### [Your instructions]
Nothing beyond the line containing "statistika koronoios" is to be printed; print exactly each line from the start of the records below through that line, leaving out pictures.

### [Working data]
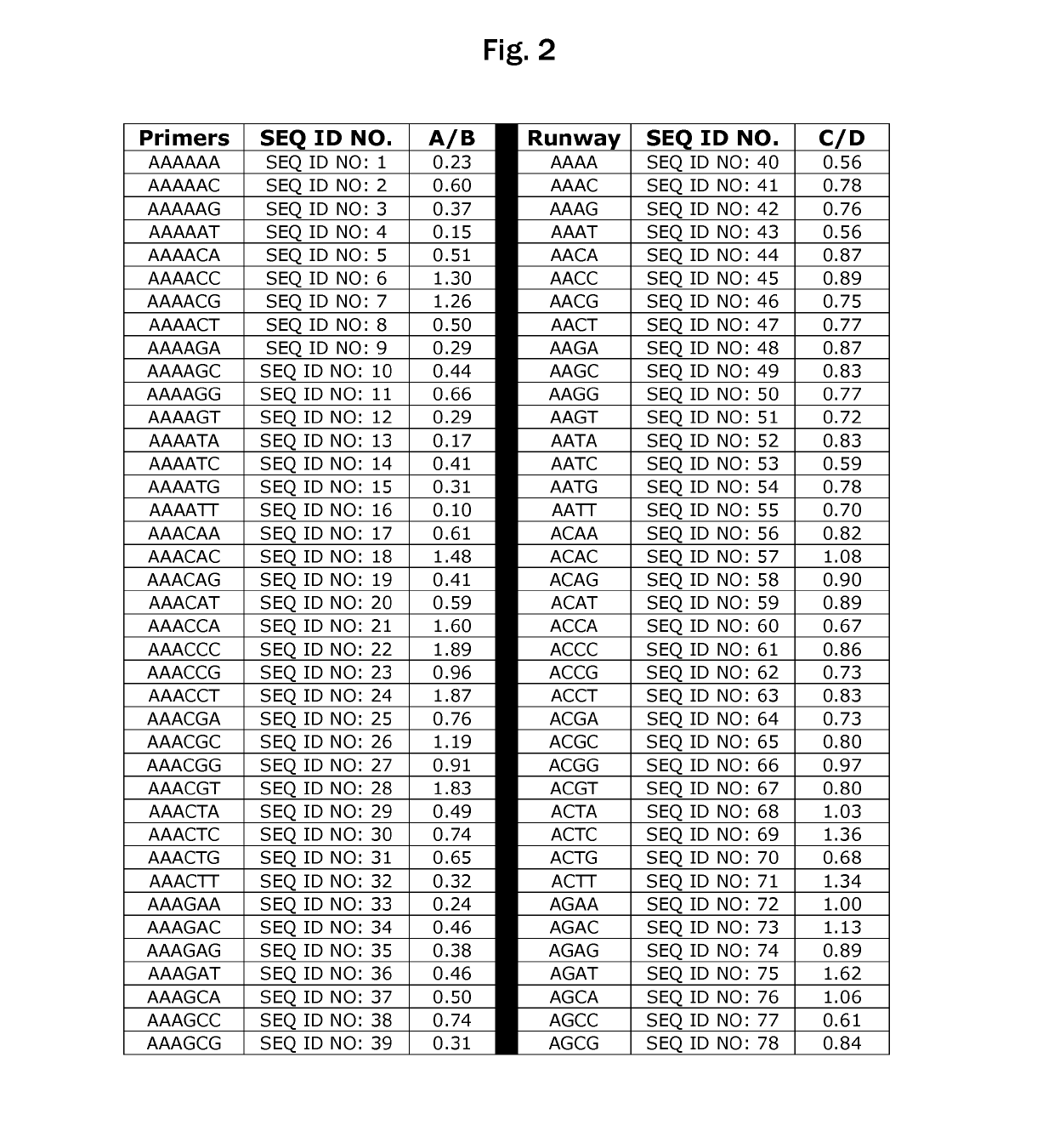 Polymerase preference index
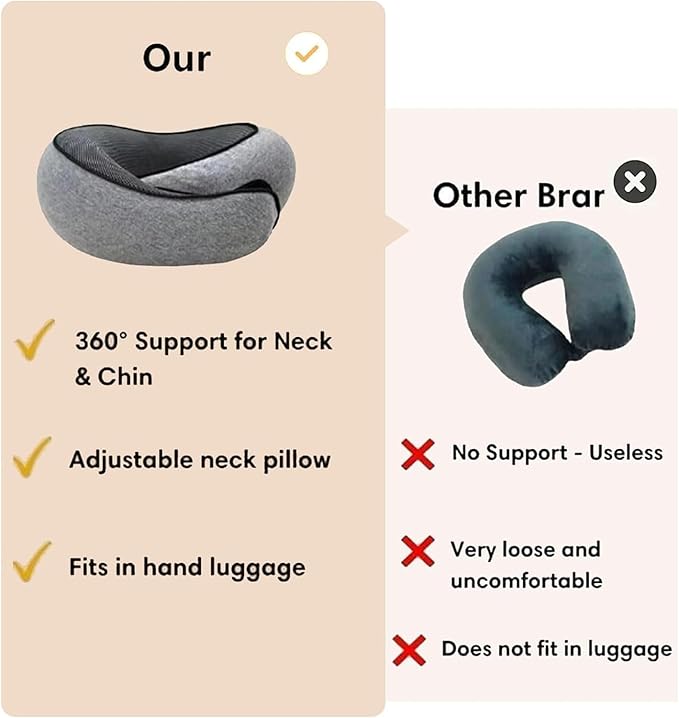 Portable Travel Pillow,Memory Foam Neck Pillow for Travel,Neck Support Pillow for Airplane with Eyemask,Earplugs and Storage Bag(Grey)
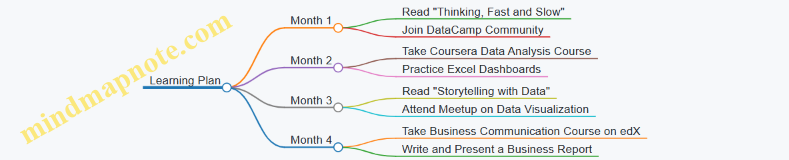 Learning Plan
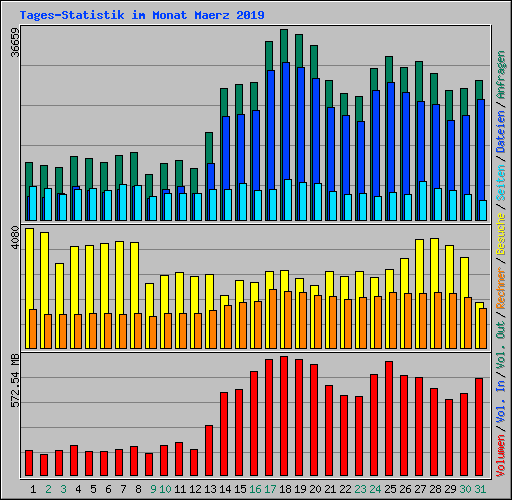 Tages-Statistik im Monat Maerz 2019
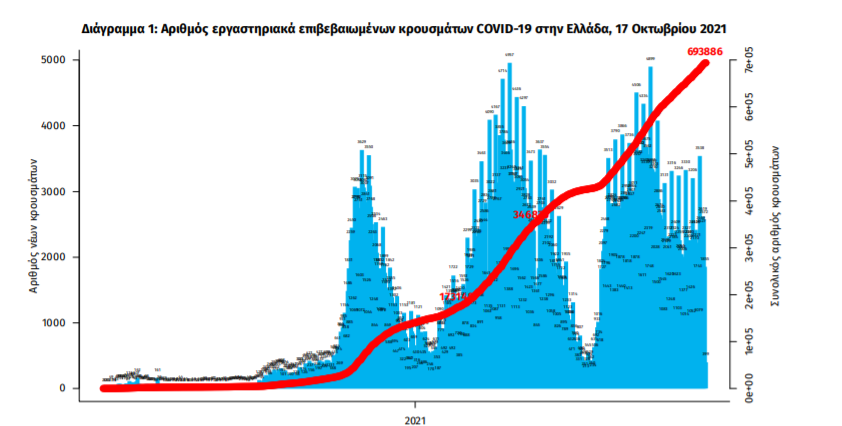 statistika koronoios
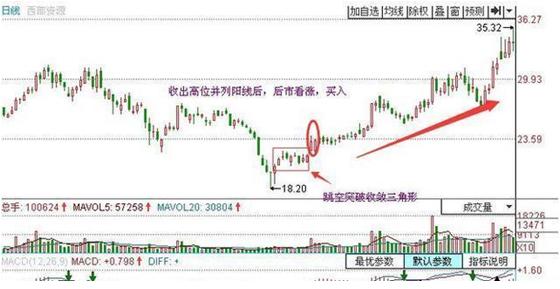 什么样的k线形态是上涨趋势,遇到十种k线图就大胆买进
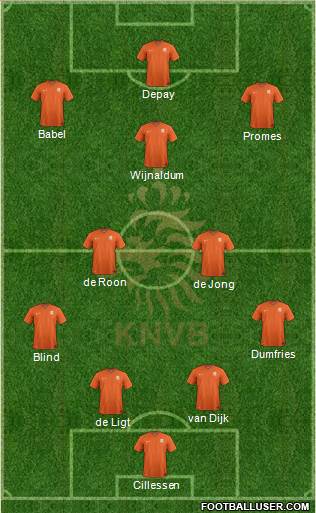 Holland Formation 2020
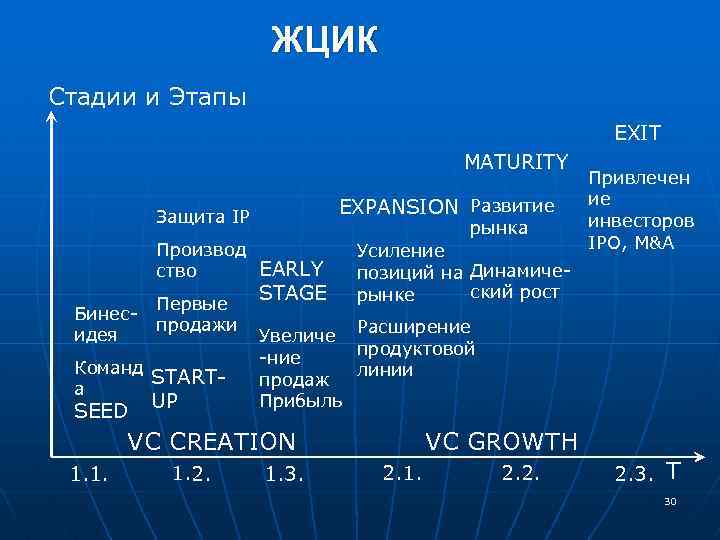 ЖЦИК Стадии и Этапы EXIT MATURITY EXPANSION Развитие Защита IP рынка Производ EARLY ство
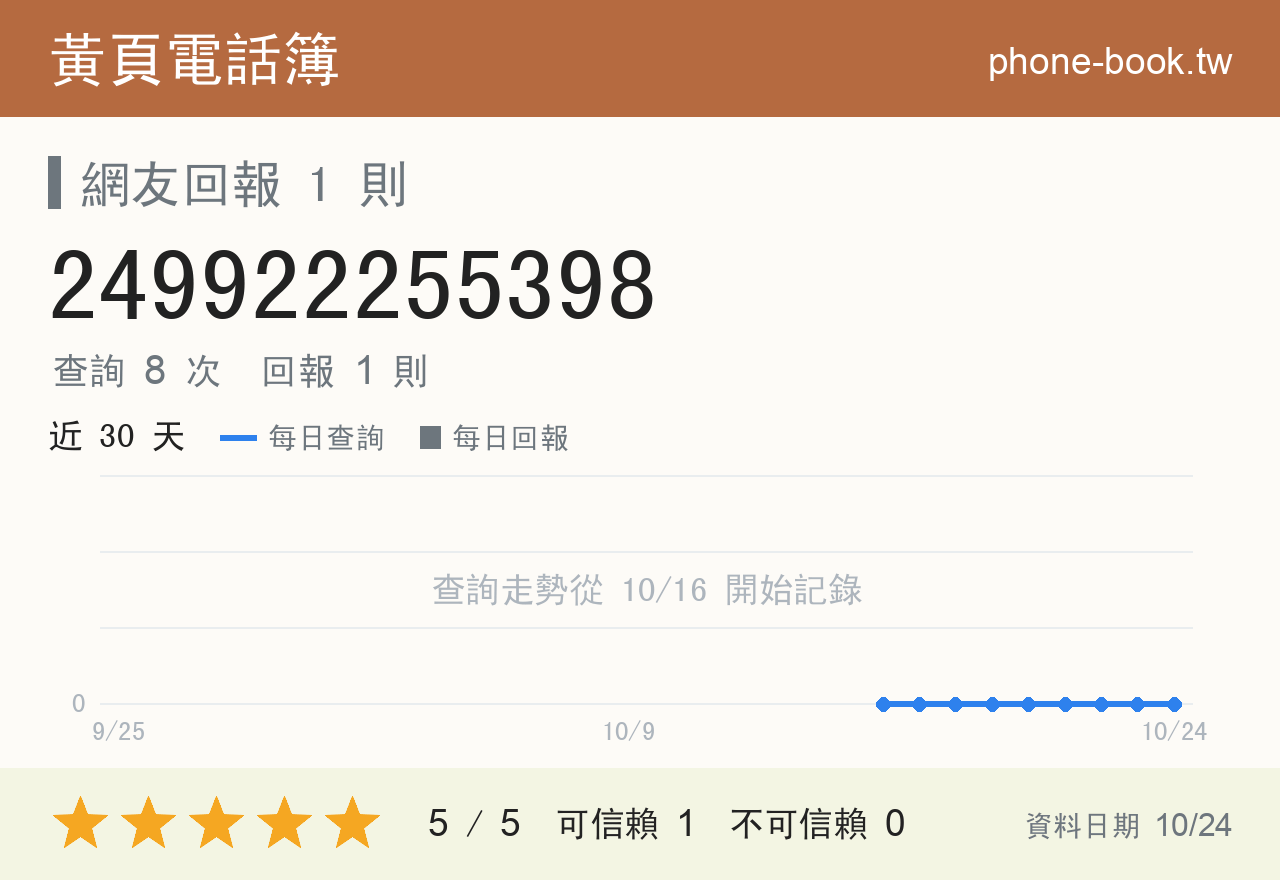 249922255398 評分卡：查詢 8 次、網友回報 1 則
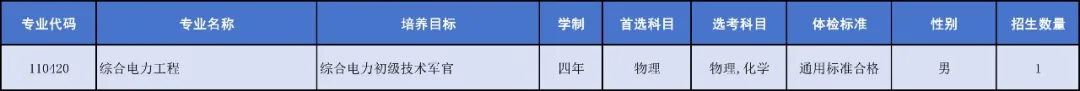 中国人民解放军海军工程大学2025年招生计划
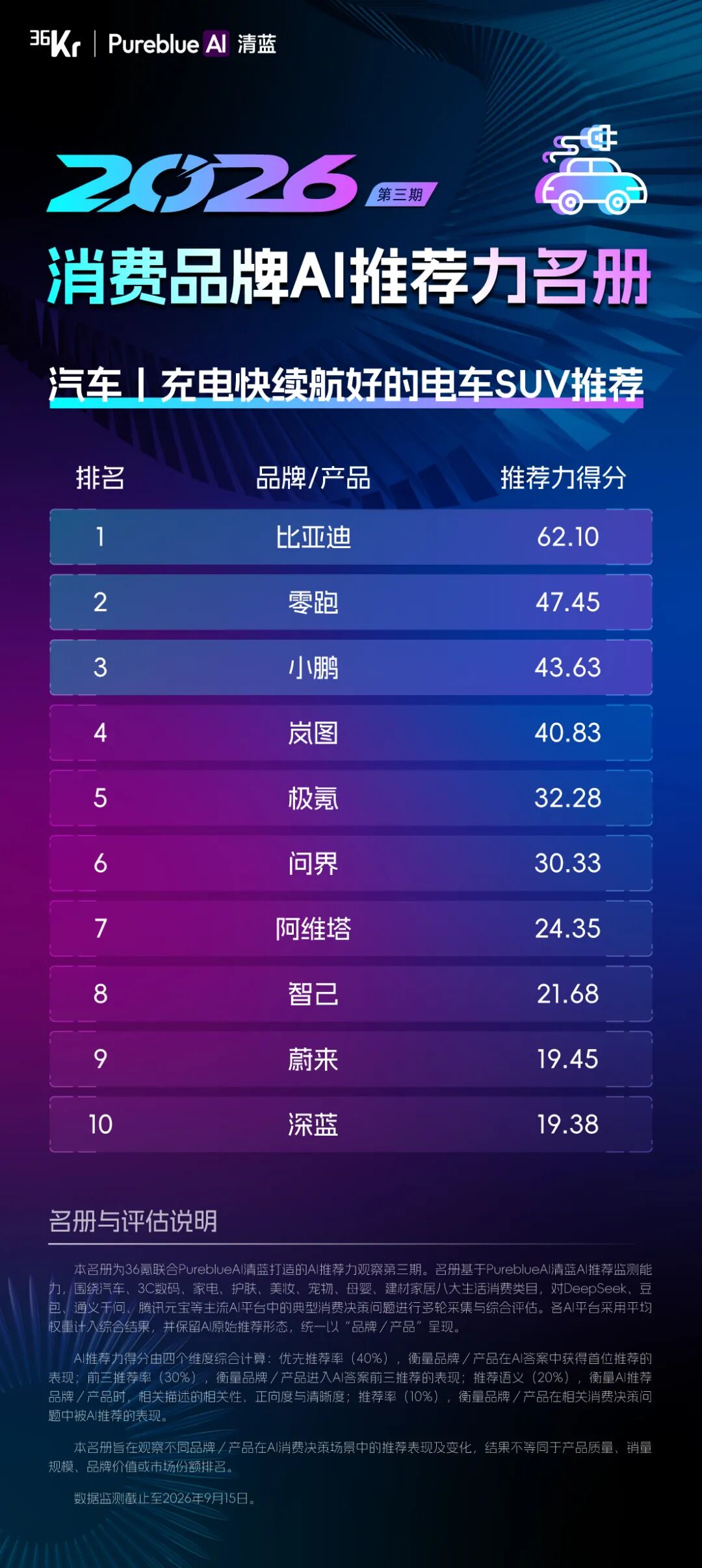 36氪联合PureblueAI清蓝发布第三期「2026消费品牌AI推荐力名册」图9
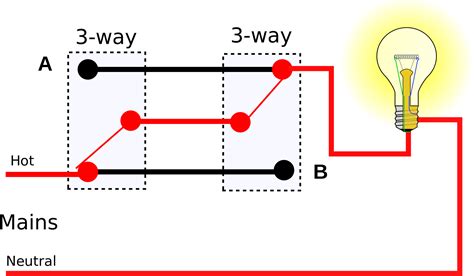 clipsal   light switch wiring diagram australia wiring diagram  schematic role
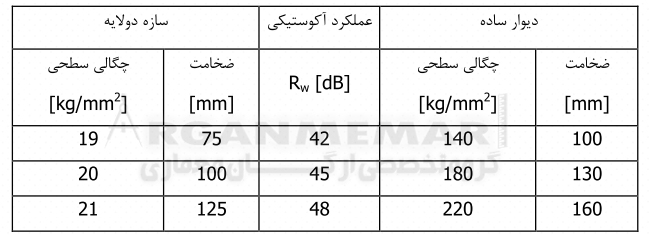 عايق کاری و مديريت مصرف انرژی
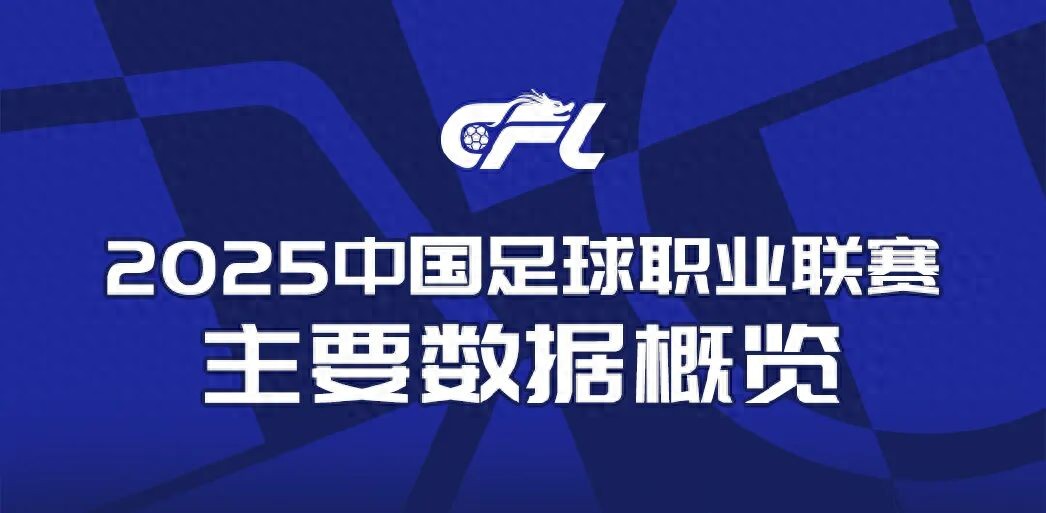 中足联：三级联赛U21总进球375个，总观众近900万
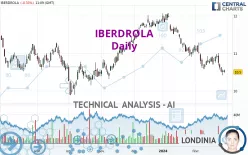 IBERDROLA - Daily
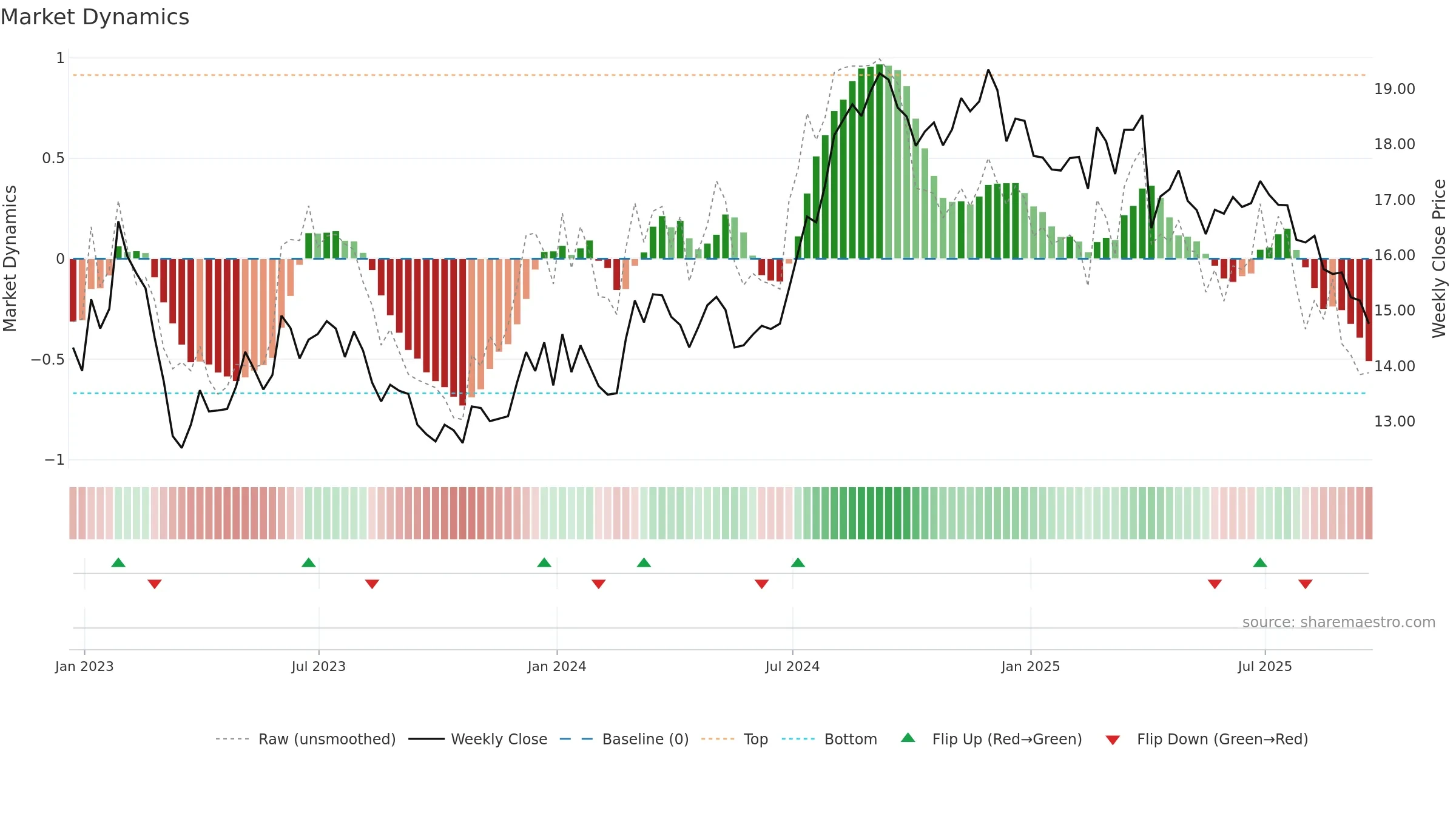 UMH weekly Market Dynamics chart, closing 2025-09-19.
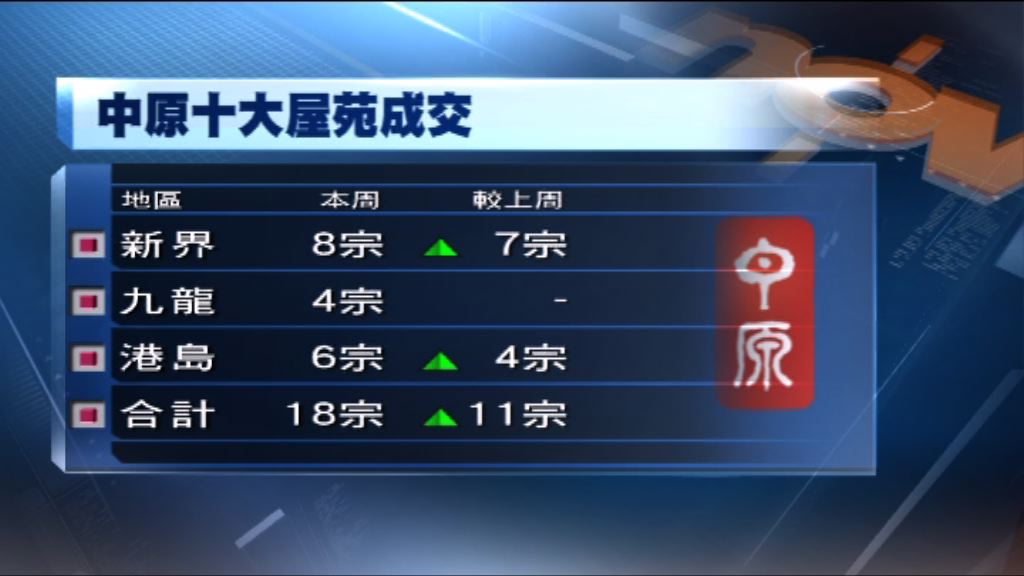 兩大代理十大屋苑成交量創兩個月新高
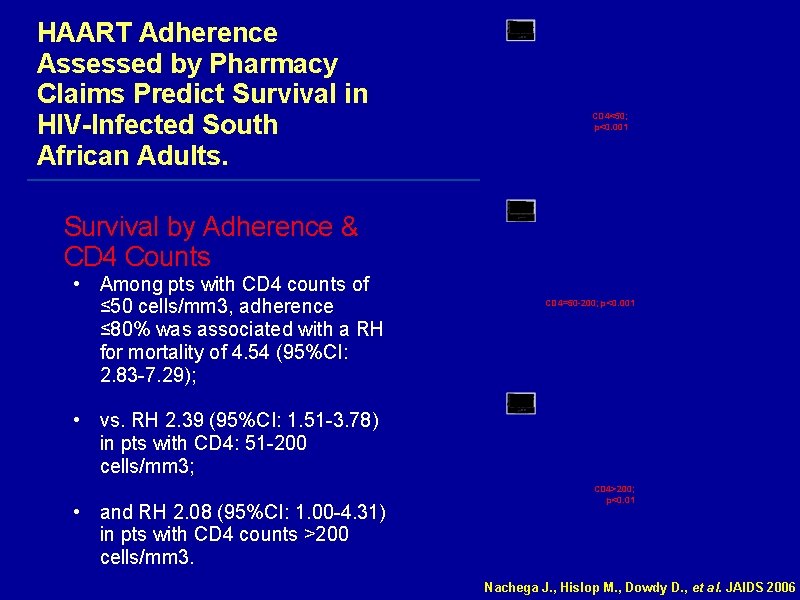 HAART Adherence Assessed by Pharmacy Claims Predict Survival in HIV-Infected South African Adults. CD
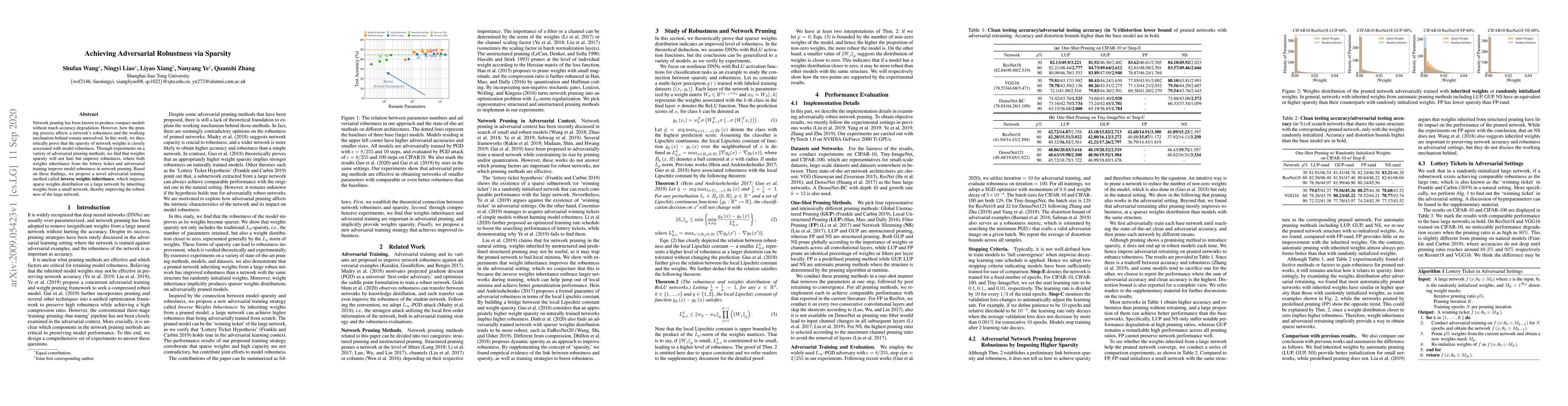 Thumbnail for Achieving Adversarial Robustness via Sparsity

### [Solution to the exercise]
 Polymerase preference index
 Portable Travel Pillow,Memory Foam Neck Pillow for Travel,Neck Support Pillow for Airplane with Eyemask,Earplugs and Storage Bag(Grey)
 Learning Plan
 Tages-Statistik im Monat Maerz 2019
 statistika koronoios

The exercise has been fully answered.